Why does the new Huawei P20 Pro smartphone have four cameras?
Three on the back, one on the front
Three on the back, one on the front
It may seem excessive, but the new Huawei P20 smartphone has four cameras — one on the front and an unprecedented three on the back.
The phone also boasts a total pixel count of over 80 megapixels — 24 of which are employed by the front-facing camera.
At first you could dismiss Huawei's third rear camera as a cheap shot at Apple and Samsung, who both put two lenses on the back of their flagships. Huawei is well known for employing such tactics — and at the P20's launch bragged about how its screen notch is smaller than that of the iPhone X.
But there could be some method behind the apparent madness.
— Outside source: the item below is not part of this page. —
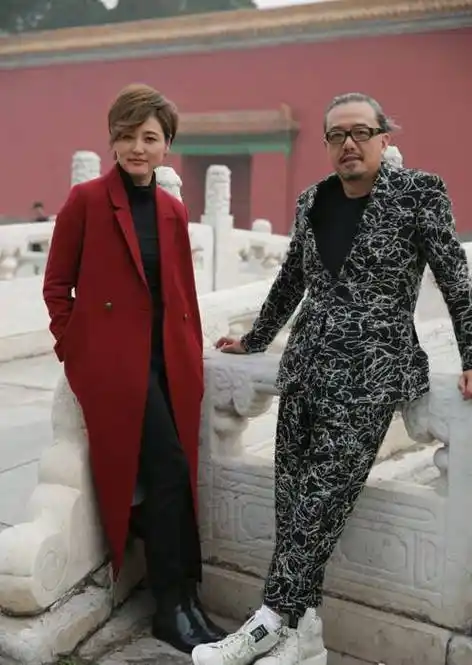 今天(11月24日)是西方的感恩节,张延在微博晒出与老公"傅老大"张锦程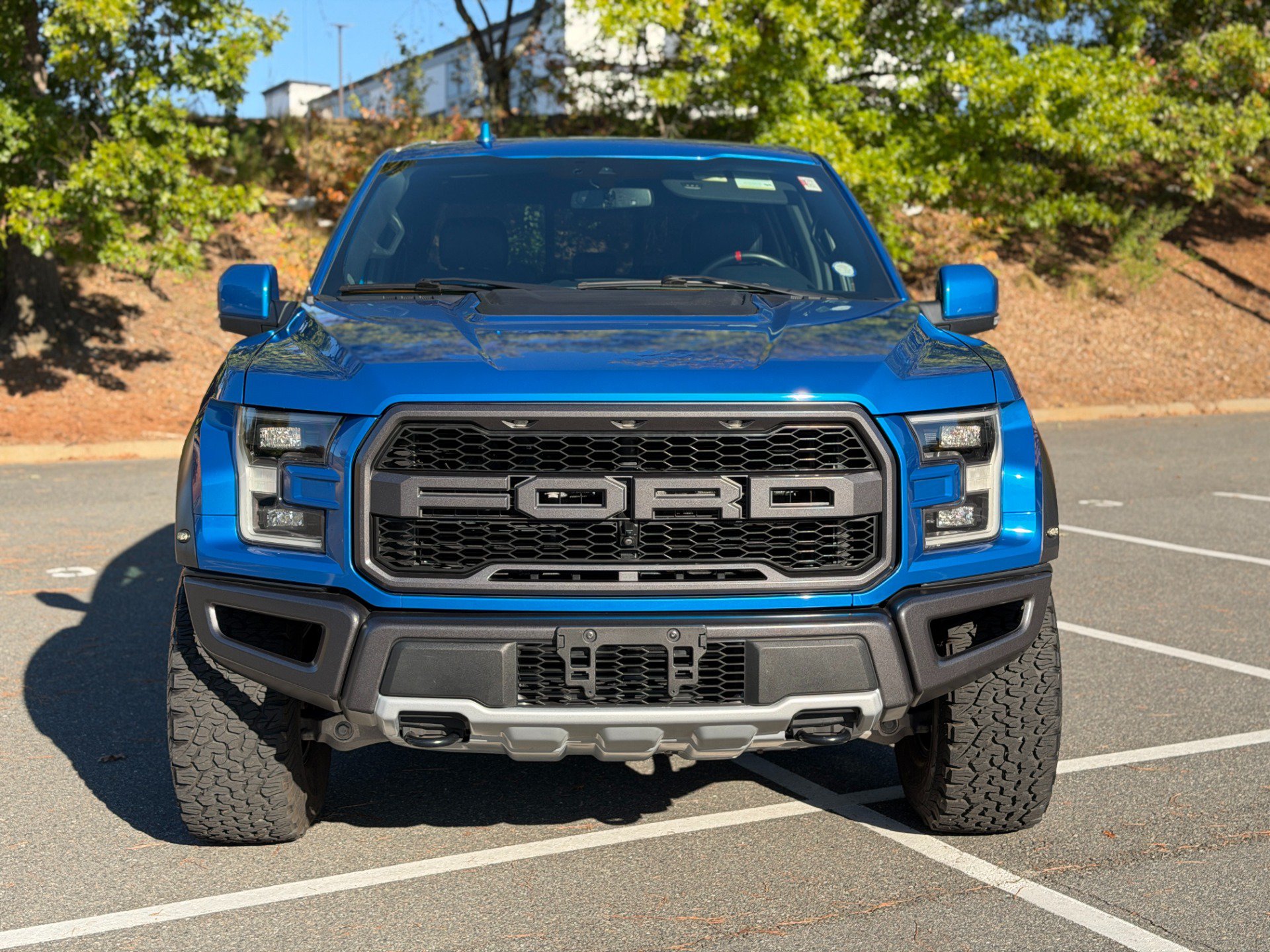 Used 2019 Ford F150 Raptor w/ Equipment Group 802A Luxury AWD/4WD image 2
Unlike the dual-lens setup of the iPhone 8 and X, and the Samsung Galaxy S9, where one lens is wide-angle and the other is telephoto to provide 2x optical zoom, Huawei has gone in a different direction. Its previous flagships, like last year's P10, combine a color sensor with a monochrome sensor, and it's the same story with the P20 Pro — only there are more megapixels.
The new P20 Pro had three cameras on the back and one on the frontHuawei
The color sensor of the Pro is a huge 40 megapixels, up from 12MP on last year's P10, and the monochrome sensor weighs in at 20MP. Huawei combines the data from both cameras to produce the P20 Pro's photos, a technique the company claims improves low-light performance, blurred background effect (known as bokeh) and black-and-white images.
Then there is the optically stabilized 8MP telephoto camera which allows for 3x optical zoom (50 percent more than the iPhone X and Galaxy S9), or 5x 'hybrid' zoom, which adds some digital zooming to help you get closer to the subject without destroying image quality.
Huawei will allow P20 Pro owners to produce massive 40-megapixel images if they want, but by default the phone will combine data from four adjacent pixels to create higher-quality 10MP photos.
As for pixel size, Huawei claims to win this battle too. The Pro's pixels are 2µm (micrometers), compared to the 1.4µm pixels used by the iPhone X and Google Pixel 2. Bigger pixels mean the camera sensor can take in more light with each shot.
Unlike the lenses of its rivals, Huawei has opted against optical stabilization on the P20 Pro's two main rear cameras. Instead, the phone uses what the company calls 'artificial intelligence stabilization', which uses object recognition to understand the scene and work out how best to keep everything sharp while the photo is being taken.
Huawei claims AI makes handheld five-second exposures possibleHuawei
To show off how well this system works, the P20 Pro can take handheld images with a five-second exposure. While exposures of this length are common with SLR cameras mounted to tripods to keep them still, exposures over one second often produce blurry images when shot by hand, because it is impossible to keep perfectly still while the shutter is open.
Huawei claims its AI is good enough to counter this and produce sharp, hand-held images with a five-second exposure. The system works while shooting video too, and when taking photos at 5x zoom. As well as AI, the phone uses a laser, face detection and depth information to keep long-exposure images sharp. We'll be keen to try this out for ourselves as soon as a review handset arrives.
A phone built for photographing your brunch
Anyone with Instagram will know how popular food photos are. Whether it's a beautifully prepared avocado brunch or cheese-soaked greasy burger, you are guaranteed to find thousands of images of every dish imaginable.
But because every meal is different, Huawei has developed a piece of artificial intelligence to help the P20 Pro work out what food its rear cameras are pointed at; the phone then adjusts image settings accordingly to take the best shot. Away from food, the P20 uses AI to recognize the scene you are shooting then pick from 19 predefined modes to create the best photo.
Turn the P20 around and you'll be greeted by the 24-megapixel selfie camera. We would argue that no one needs such highly-detailed images of their face, but Huawei has a history of applying a range of age-defying filters and tweaks to its selfies to make you look younger, more radiant and generally less tired. No doubt the P20 will have a similar trick up its sleeve.